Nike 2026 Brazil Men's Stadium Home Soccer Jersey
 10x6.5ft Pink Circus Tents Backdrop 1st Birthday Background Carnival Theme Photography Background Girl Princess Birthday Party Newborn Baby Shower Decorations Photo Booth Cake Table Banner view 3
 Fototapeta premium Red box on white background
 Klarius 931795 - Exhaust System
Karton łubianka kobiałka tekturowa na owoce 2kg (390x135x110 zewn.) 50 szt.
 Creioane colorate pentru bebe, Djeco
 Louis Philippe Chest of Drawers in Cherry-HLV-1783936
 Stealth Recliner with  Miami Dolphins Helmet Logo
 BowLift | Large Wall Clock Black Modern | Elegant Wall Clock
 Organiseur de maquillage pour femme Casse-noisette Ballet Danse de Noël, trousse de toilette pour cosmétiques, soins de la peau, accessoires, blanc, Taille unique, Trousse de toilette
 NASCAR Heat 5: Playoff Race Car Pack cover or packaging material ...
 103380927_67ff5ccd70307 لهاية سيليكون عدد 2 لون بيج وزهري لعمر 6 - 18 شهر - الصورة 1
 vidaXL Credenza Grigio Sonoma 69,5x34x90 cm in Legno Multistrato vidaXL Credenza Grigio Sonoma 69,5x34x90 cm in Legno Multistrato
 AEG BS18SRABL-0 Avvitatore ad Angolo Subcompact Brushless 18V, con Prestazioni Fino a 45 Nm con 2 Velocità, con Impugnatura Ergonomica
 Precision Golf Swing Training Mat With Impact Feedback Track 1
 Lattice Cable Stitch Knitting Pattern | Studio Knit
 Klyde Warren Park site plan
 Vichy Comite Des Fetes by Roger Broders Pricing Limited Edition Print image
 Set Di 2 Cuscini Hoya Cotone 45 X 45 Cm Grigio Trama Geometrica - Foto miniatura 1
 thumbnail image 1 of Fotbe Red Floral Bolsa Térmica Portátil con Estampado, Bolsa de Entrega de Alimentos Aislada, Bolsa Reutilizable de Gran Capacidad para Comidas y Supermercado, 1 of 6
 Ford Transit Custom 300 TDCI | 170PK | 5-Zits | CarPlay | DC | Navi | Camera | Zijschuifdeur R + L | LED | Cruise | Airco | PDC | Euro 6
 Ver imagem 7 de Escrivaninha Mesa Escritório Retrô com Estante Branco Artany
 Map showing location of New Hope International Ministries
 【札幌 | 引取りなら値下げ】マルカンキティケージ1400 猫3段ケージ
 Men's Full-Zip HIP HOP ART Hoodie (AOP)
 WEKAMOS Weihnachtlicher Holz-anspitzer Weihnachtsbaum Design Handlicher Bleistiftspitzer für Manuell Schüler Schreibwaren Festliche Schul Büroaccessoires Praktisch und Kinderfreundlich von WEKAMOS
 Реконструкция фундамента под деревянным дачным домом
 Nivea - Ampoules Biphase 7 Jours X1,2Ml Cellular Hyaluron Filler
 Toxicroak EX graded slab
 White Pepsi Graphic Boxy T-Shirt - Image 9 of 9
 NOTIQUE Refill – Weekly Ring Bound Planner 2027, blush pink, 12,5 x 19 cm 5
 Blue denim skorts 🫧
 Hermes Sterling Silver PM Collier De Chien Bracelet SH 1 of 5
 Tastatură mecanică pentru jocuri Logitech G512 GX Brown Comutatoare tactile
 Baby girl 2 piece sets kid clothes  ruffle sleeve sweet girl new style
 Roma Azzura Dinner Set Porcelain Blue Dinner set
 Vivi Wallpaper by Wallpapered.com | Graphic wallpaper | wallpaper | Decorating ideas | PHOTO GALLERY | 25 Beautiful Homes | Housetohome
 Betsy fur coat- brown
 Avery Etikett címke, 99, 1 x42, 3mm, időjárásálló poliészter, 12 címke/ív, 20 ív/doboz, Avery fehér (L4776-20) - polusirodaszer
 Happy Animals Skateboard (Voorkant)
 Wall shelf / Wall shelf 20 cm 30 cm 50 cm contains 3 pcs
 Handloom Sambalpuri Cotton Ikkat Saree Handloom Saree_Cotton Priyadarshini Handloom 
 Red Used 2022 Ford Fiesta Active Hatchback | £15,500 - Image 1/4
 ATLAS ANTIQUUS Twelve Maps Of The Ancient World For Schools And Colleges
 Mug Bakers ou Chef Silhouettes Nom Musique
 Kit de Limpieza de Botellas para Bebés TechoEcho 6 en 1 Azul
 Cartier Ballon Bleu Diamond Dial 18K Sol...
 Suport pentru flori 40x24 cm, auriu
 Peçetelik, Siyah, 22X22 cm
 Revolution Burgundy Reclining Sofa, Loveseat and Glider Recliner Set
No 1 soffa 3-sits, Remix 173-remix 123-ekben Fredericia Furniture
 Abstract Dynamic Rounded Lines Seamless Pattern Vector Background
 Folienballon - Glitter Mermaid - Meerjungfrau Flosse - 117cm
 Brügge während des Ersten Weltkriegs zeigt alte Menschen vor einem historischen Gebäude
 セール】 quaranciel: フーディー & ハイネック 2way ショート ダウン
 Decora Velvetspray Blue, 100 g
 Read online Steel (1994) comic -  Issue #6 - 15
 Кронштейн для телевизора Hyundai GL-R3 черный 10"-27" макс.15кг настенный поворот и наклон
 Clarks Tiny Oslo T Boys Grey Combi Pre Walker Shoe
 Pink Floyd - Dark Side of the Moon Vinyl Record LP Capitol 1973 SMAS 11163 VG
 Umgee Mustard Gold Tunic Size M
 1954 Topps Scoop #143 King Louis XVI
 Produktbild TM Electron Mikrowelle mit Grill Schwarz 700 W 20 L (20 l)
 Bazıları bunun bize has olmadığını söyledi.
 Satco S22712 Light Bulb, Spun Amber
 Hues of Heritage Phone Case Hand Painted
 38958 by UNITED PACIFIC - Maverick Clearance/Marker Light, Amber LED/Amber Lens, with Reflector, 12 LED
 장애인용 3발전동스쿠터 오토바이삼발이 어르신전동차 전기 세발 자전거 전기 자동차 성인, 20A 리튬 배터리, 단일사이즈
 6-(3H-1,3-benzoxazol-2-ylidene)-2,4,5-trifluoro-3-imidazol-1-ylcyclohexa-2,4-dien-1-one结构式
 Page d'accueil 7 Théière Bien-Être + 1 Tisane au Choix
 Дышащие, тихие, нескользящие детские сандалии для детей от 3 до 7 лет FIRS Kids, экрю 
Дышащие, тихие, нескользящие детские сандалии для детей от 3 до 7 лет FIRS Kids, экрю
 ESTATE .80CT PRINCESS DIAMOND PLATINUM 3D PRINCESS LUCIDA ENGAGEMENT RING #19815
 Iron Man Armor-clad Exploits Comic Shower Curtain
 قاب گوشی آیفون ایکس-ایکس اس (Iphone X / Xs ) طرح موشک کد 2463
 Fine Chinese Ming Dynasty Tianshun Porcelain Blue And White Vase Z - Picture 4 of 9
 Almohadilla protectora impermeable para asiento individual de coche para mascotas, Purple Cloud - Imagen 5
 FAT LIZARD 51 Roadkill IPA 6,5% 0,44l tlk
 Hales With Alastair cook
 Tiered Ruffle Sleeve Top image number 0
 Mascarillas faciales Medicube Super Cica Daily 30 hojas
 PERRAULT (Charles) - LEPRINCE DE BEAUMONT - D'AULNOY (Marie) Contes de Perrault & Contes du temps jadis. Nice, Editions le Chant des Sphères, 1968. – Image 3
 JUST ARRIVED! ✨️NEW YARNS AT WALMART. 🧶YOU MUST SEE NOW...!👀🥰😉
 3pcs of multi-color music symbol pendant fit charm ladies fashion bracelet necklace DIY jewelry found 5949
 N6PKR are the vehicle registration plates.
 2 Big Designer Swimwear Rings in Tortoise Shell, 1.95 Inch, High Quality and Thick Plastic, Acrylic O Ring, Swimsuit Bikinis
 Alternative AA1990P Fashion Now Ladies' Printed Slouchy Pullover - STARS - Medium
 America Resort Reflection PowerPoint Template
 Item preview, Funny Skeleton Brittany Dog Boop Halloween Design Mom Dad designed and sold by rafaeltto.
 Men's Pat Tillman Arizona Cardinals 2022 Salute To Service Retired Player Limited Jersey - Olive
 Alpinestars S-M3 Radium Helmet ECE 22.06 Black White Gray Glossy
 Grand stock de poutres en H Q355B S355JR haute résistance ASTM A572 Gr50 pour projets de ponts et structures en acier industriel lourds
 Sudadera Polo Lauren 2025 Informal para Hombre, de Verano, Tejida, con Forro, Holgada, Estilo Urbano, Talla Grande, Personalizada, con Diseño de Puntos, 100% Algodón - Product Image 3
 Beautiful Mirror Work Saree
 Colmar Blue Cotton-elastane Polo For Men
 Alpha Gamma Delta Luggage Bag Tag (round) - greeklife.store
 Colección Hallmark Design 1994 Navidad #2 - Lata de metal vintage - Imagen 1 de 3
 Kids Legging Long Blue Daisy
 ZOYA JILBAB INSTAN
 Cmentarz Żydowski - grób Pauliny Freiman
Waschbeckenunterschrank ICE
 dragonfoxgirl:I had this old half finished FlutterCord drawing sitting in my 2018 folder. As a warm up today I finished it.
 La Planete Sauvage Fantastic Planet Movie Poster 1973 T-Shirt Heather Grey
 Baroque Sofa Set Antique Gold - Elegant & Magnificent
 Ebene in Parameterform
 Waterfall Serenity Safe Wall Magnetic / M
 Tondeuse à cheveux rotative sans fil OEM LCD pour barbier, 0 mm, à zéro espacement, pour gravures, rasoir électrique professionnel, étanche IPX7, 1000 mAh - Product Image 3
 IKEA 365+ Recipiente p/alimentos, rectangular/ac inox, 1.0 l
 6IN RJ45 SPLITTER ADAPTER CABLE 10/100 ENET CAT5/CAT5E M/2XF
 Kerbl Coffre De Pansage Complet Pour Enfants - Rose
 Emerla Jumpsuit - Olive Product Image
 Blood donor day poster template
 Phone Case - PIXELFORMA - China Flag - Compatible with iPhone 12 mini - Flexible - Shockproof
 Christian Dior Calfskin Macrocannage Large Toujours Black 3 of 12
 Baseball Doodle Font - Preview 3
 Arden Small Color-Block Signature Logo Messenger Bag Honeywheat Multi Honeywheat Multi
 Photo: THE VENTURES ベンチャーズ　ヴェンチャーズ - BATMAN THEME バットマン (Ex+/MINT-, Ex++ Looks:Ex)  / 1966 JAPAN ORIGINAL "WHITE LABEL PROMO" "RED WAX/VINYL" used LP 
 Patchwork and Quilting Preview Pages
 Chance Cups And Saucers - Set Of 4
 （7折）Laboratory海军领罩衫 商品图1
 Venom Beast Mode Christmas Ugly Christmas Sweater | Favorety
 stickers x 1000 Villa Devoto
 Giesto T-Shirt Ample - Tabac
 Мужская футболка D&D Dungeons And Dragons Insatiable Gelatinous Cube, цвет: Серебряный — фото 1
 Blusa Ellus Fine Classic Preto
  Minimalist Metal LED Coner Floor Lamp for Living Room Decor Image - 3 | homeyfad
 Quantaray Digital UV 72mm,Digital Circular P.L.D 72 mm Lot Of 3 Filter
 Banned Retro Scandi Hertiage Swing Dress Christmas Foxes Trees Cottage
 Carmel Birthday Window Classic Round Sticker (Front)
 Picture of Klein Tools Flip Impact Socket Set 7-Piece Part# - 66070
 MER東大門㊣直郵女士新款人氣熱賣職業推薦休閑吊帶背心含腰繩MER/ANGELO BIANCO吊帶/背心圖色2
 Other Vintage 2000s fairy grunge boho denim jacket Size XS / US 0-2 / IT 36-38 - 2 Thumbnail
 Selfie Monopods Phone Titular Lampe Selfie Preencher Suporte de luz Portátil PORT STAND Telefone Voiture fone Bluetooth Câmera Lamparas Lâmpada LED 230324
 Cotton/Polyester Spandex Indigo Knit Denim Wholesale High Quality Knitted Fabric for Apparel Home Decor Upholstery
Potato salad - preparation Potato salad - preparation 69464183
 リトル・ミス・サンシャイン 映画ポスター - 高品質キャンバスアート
◇ ◇ ◇ ◇
Exercise description
From the records above, print exactly the lines that run from the line with "Lattice Cable Stitch" to the line with "thumbnail image 1", inclusive.

Problem solution
 Lattice Cable Stitch Knitting Pattern | Studio Knit
 Klyde Warren Park site plan
 Vichy Comite Des Fetes by Roger Broders Pricing Limited Edition Print image
 Set Di 2 Cuscini Hoya Cotone 45 X 45 Cm Grigio Trama Geometrica - Foto miniatura 1
 thumbnail image 1 of Fotbe Red Floral Bolsa Térmica Portátil con Estampado, Bolsa de Entrega de Alimentos Aislada, Bolsa Reutilizable de Gran Capacidad para Comidas y Supermercado, 1 of 6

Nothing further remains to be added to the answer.